A pesquisa, que envolveu 3.500 adolescentes, usou métodos estatísticos para estimar o quanto o lado psicológico de jovens com deficiência é afetado pelas intimidações constantes de colegas, principalmente em ambiente escolar.

— Ficamos chocados ao descobrir que quase metade dos transtornos mentais desses jovens ocorrerem porque eles são intimidados por seus colegas — diz a líder do estudo e diretora acadêmica do Instituto de Deficiência de Melbourne, Anne Kavanagh.

Segundo a consultora em educação Andrea Ramal, três importantes aspectos diferenciam o bullying de uma brincadeira qualquer: ele acontece de forma repetitiva; apenas uma das partes se diverte; e existe uma “plateia” que encoraja a prática, às vezes de forma inconsciente. Por isso, para a especialista, é importante que educadores e pais conversem com os jovens sobre como fazer parte dessa “plateia” pode ser tão grave quanto ser um agressor.

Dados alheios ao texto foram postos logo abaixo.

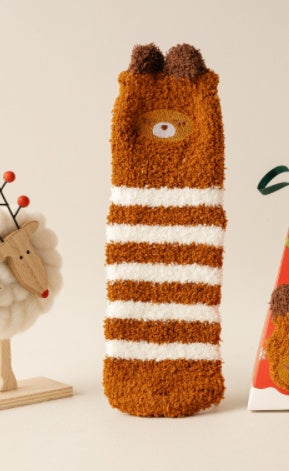Three-dimensional Cartoon Soft Home Floor Socks In The Tube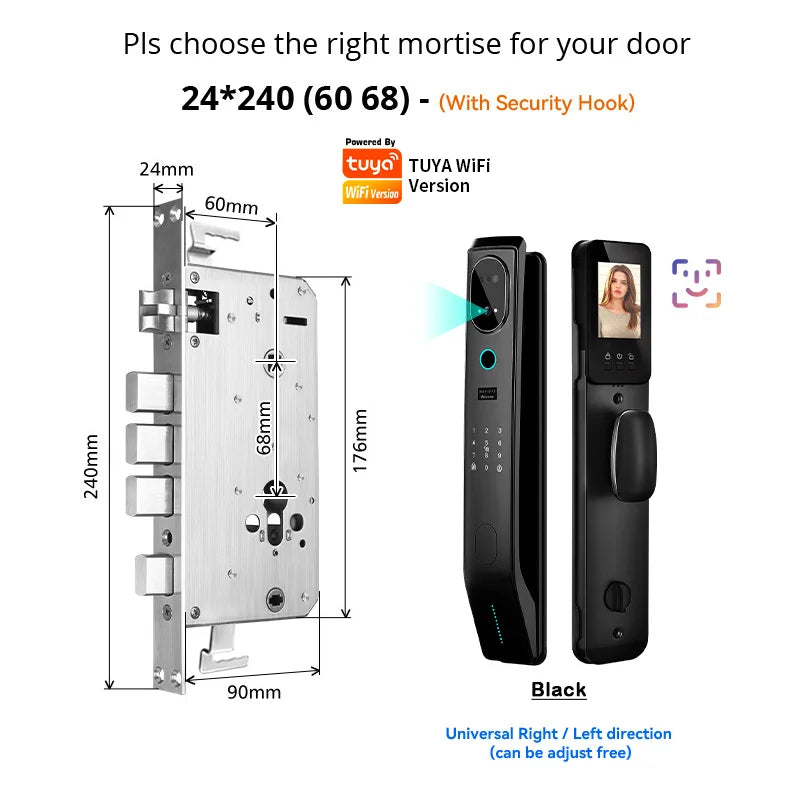 V8 Tuya Wifi 3D Face Smart Door Lock Security Camera Intelligent Fingerprint Password Biometric Electronic Key Unlock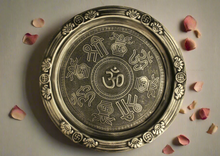 Load image into Gallery viewer, &#39;OM&#39; embossed art plate Pooja Thali - Style It by Hanika
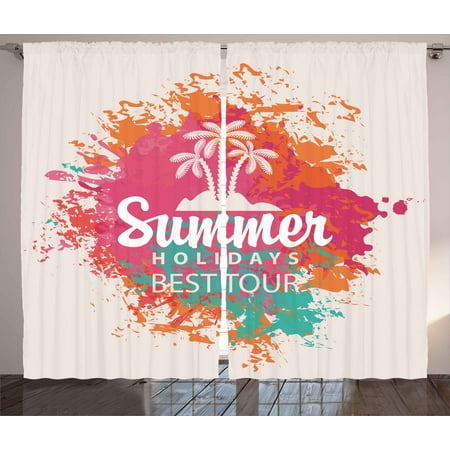 Quote Curtains 2 Panels Set, Summer Holidays Best Tour Lettering with Palm Tree Island Rainbow Colored Image Print, Window Drapes for Living Room Bedroom, 108W X 108L Inches, Multicolor, by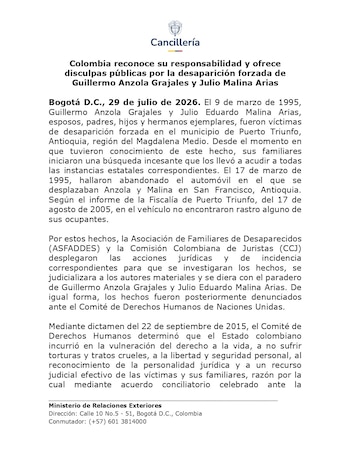 Este es el comunicado oficial en el que el Estado colombiano reconoció los casos de desaparición forzada - crédito Cancillería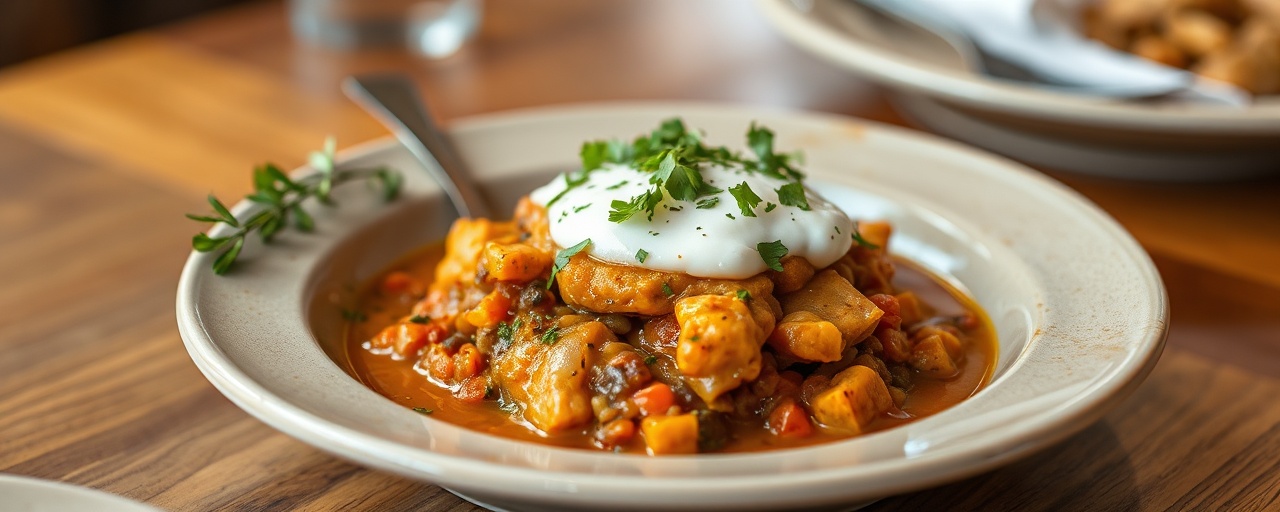 Spiced Lentil and Sweet Potato Shepherd's Pie with Coconut Curry Topping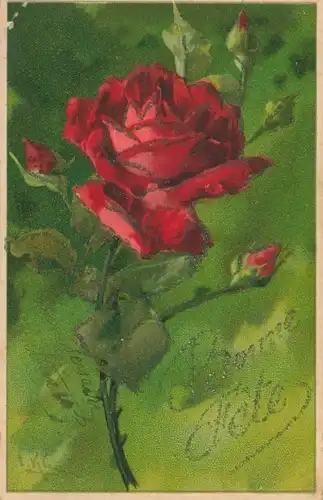 Glitzer Künstler Litho Klein, C., Glückwunsch, Bonne Fete, Rose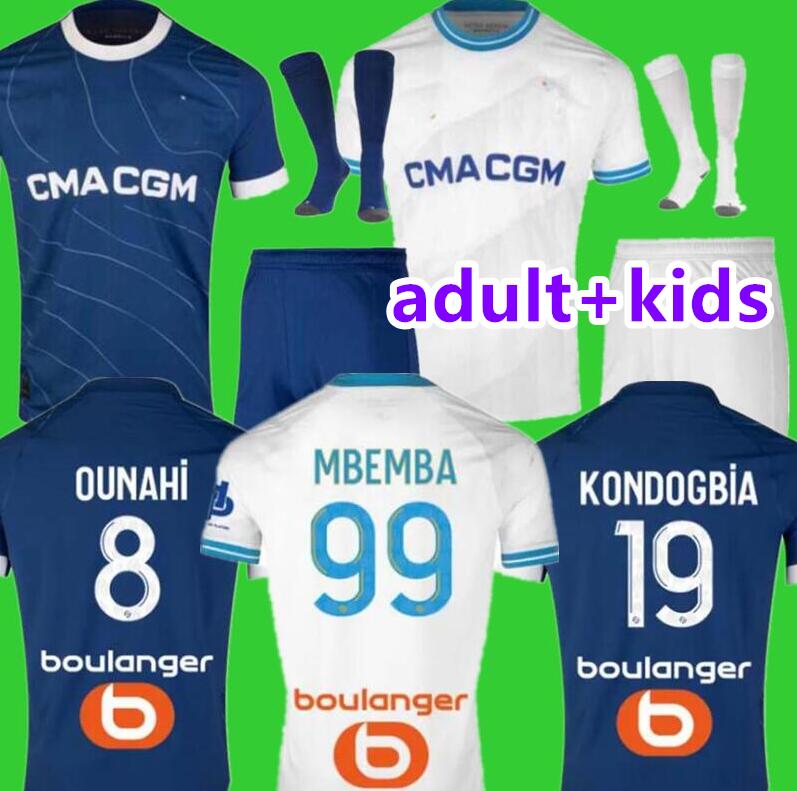 23 24 maillot ALEXIS MarseilleS soccer jerseys home 30th white Anniversary Special 2023 PLAYER FAN GUENDOUZI PAYET CLAUSS football shirts adult kids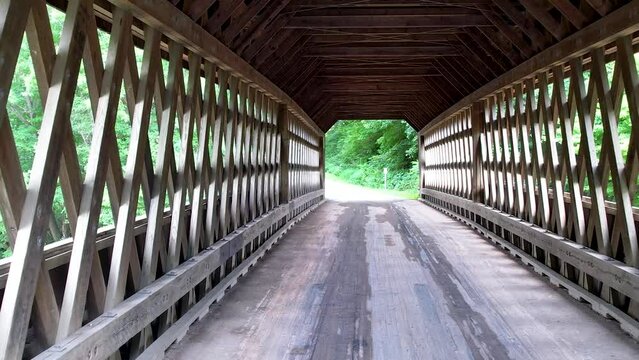 Historic State Road covered bridge in Ashtabula county Ohio, USA
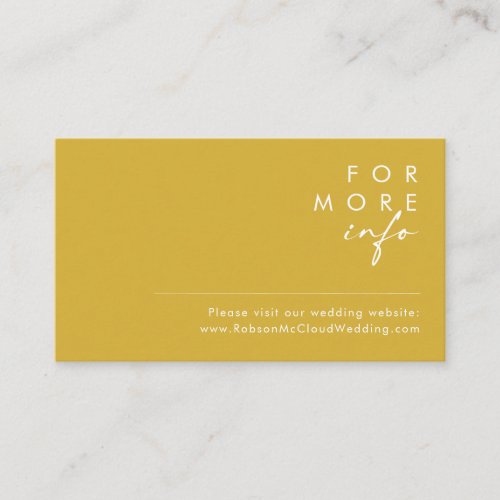 Modern Minimalist Gold Wedding Website Card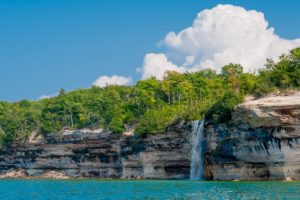 lakeshore, Alger, County, Michigan, Landscape, Lake, Waterfall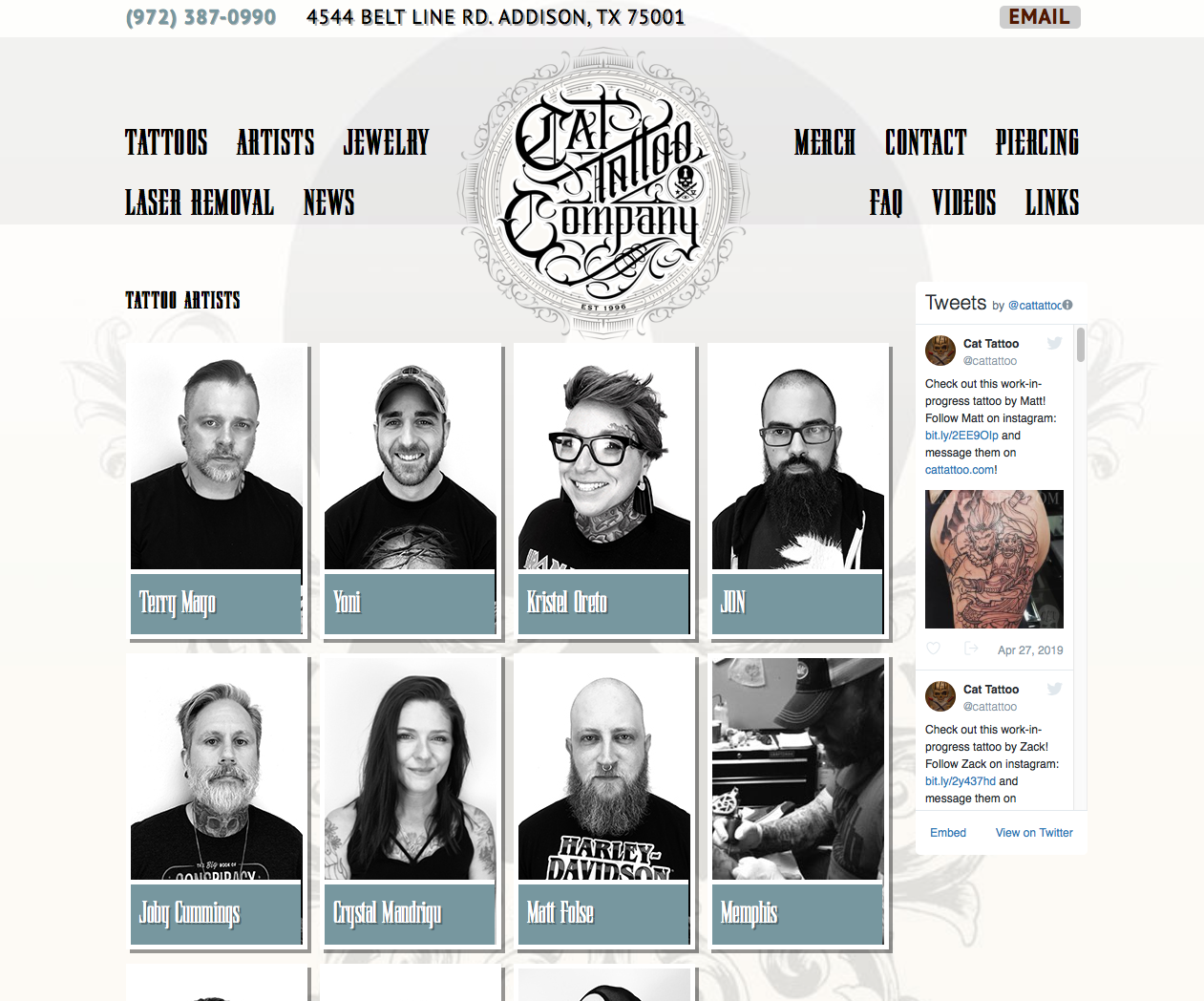 Cat Tattoo In Dallas Texas Relaunch New Website Tattoonow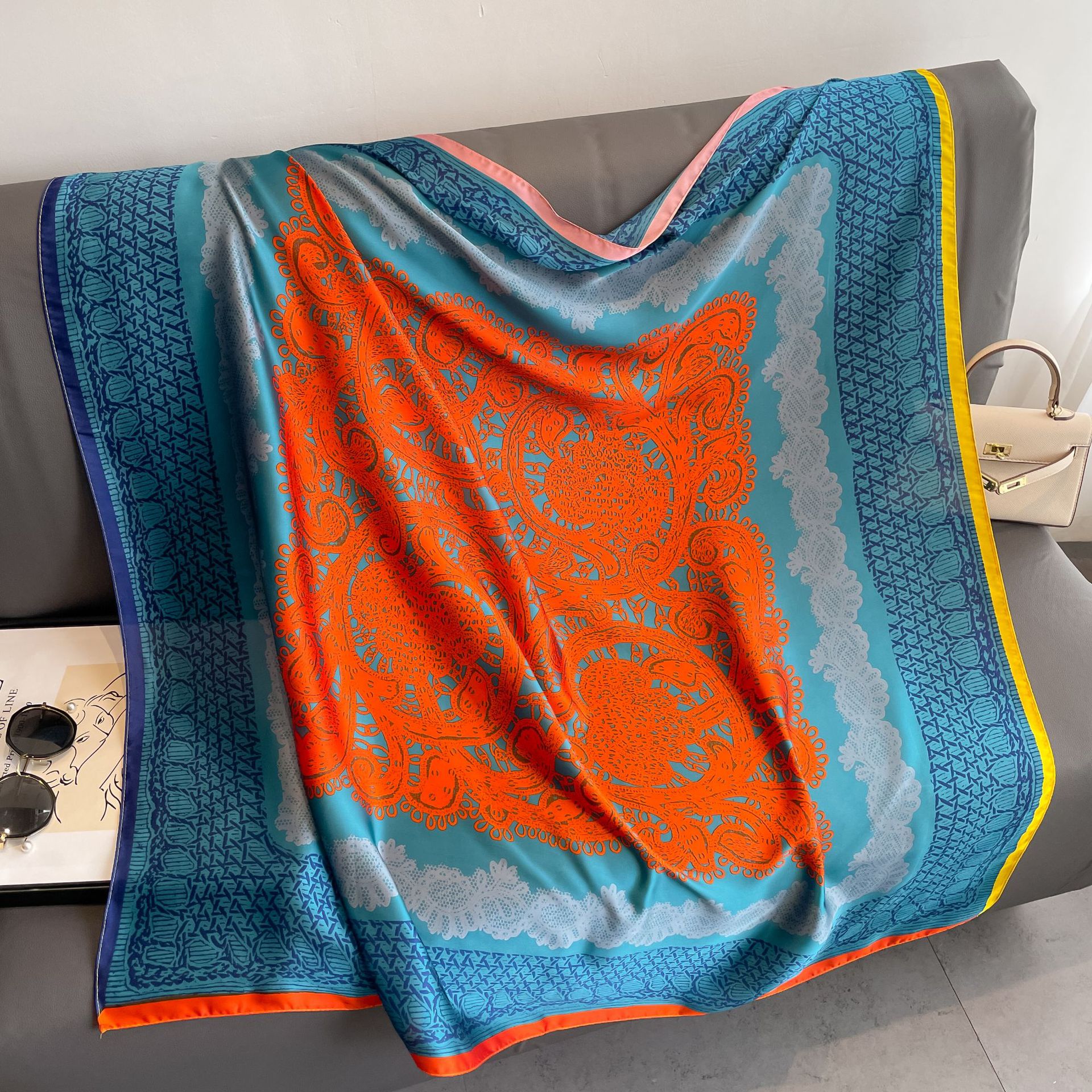 Creative Exotic-print Versatile Silk Scarf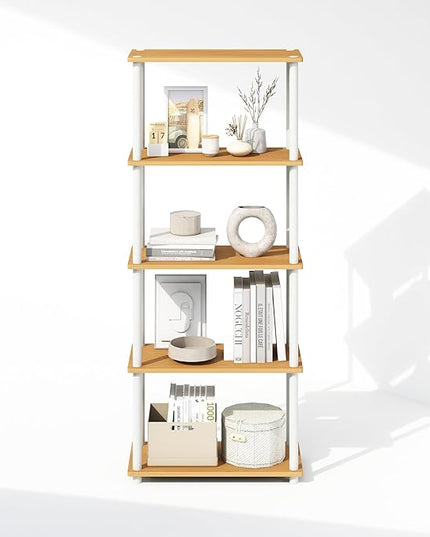 Furinno Turn-N-Tube 5-Tier Multipurpose Compact Display Rack, Shelving Unit, Bookcase, Beech/White - LeafyLoom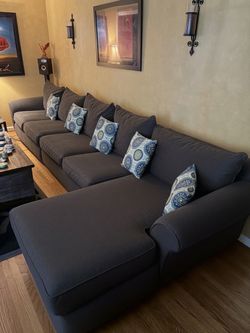 Gray super comfortable sectional L-shaped sofa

— Ficar rindo de uma cena de intimidação pode parecer pouco, mas é um grande estimulador para que o cenário do bullying aconteça. Muitas vezes os pais alegam que não têm com o que se preocupar porque o filho não é agressor, nem é agredido. Mas ele também precisa entender a responsabilidade de seu comportamento ao testemunhar uma cena de bullying — diz ela.

Andrea destaca que o primeiro passo é a instituição de ensino estar física e pedagogicamente preparada para atender alunos com deficiência.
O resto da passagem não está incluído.